Another attempt at a sweater, she can pull her arms out sometimes though lol


----------



## ~LS~ (Oct 29, 2011)

It's very pretty, and so is your pup.


----------



## TLI (Sep 3, 2008)

What a beautiful sweater! And your baby is beyond adorable!!! Definite Chi nappin' material.


----------



## pupluv168 (Mar 7, 2012)

She looks very pretty in that sweater. Great job!


Sent from my iPhone using Petguide.com App


----------



## Pookypeds (Jun 20, 2006)

Nice looking sweater and a very cute chi!:love1:


----------



## Evelyn (Oct 14, 2012)

Pretty sweater, it looks girly, she doesn't seem to enjoy it , Ike doesn't like them.
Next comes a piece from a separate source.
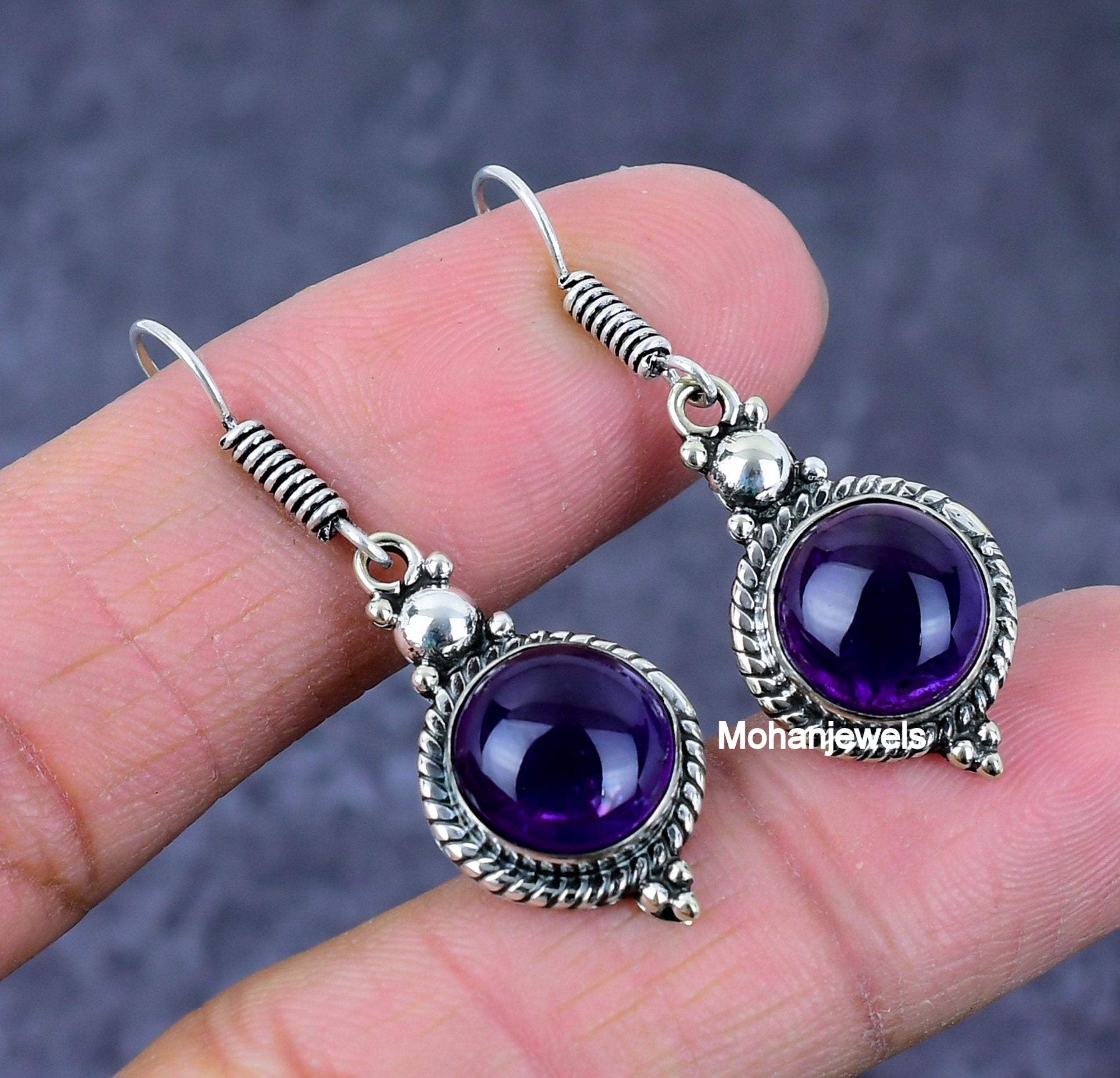 Amethyst Earrings, Natural Amethyst Silver Earrings, Purple Stone Handmade Jewelry, Unique Designer Women Earrings, Anniversary Gift for Her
She is a beautiful little girl.:flower:


----------



## Star's Mama (Aug 15, 2012)

That is so cute! I really love it!


----------



## pigeonsheep (Nov 8, 2008)

love it! how does the back look?


----------



## MMS (Aug 2, 2012)

Oh my goodness that is so cute! (this coming for the most anti-girly-girl you could know). Is it knitted or crocheted?


----------



## Labergez (Nov 30, 2012)

loll these are so cute to look in sweaters .from where did you got these sweaters? i also want to get them for my puppies......


----------



## quinnandleah (Sep 28, 2011)

She is a little peanut.  The sweater is cute.


----------